= Valeria La Saponara =

Italian-American mechanical engineer

Valeria La Saponara (born 1970) is an Italian-American mechanical and aerospace engineer whose research studies mycelium-based materials and the durability of biodegradable fiber-reinforced composite materials, particularly for applications in aerospace and in wind energy. She is a professor in the Department of Mechanical and Aerospace Engineering at the University of California, Davis.

==Education and career==
La Saponara earned a Bachelor of Science degree in 1994 in aerospace engineering from the University of Naples Federico II. After continued work at the MARS Center, an aerospace contractor in Naples. She laster completed a Master of Science and a Ph. D. and a 2021 in aerospace engineering at the Georgia Institute of Technology.

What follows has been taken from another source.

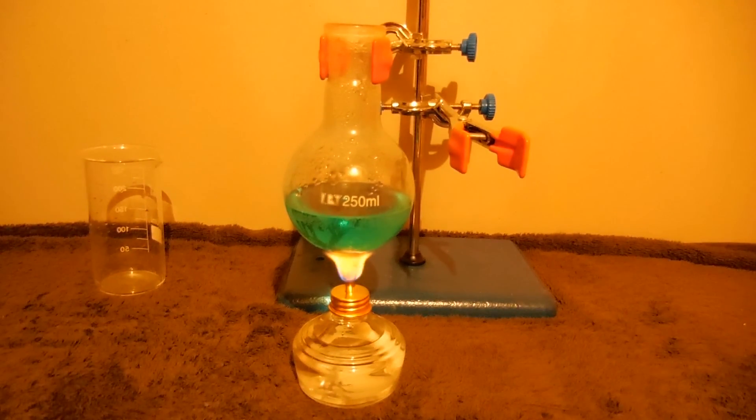We have just produced copper acetate using copper oxide and acetic acid. Thank you for watching.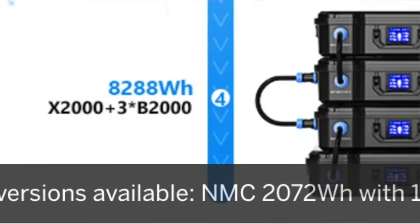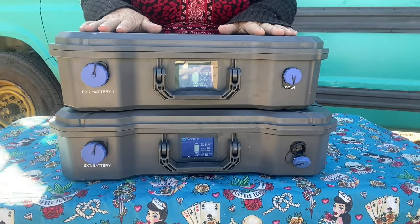There's another big difference, which is battery chemistry. The 2000s have NMC pouch batteries — NMC is the standard for smaller lithium batteries, like those in your cell phone, and they're also frequently used for solar. The X1200 and B1200 have LFP batteries, which for a lot of people is the preferred battery chemistry for solar right now. The 2000 series batteries are rated for 1,500 cycles to 80%, meaning after 1,500 full charge-to-empty cycles, the batteries can still hold about 80% of original capacity — so roughly 1,800 watt hours instead of 2,000.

Following her doctoral studies, La Saponara held academic appointments in mechanical engineering, including a faculty position at the University of Utah. In 2005, she joined the University of California, Davis, where she held appointments as assistant professor, associate professor, and professor.

== Research ==
La Saponara's research centers on the applied mechanics of composite materials, with particular emphasis on fiber-reinforced polymer composites, material degradation, and structural performance. Her work also includes studies of smart composite systems and advanced materials.

==Recognition==
La Saponara received several academic and research awards, including a National Space Foundation CAREER Award. She was also recognized through fellowships, including being a ASME Fellow in 2018.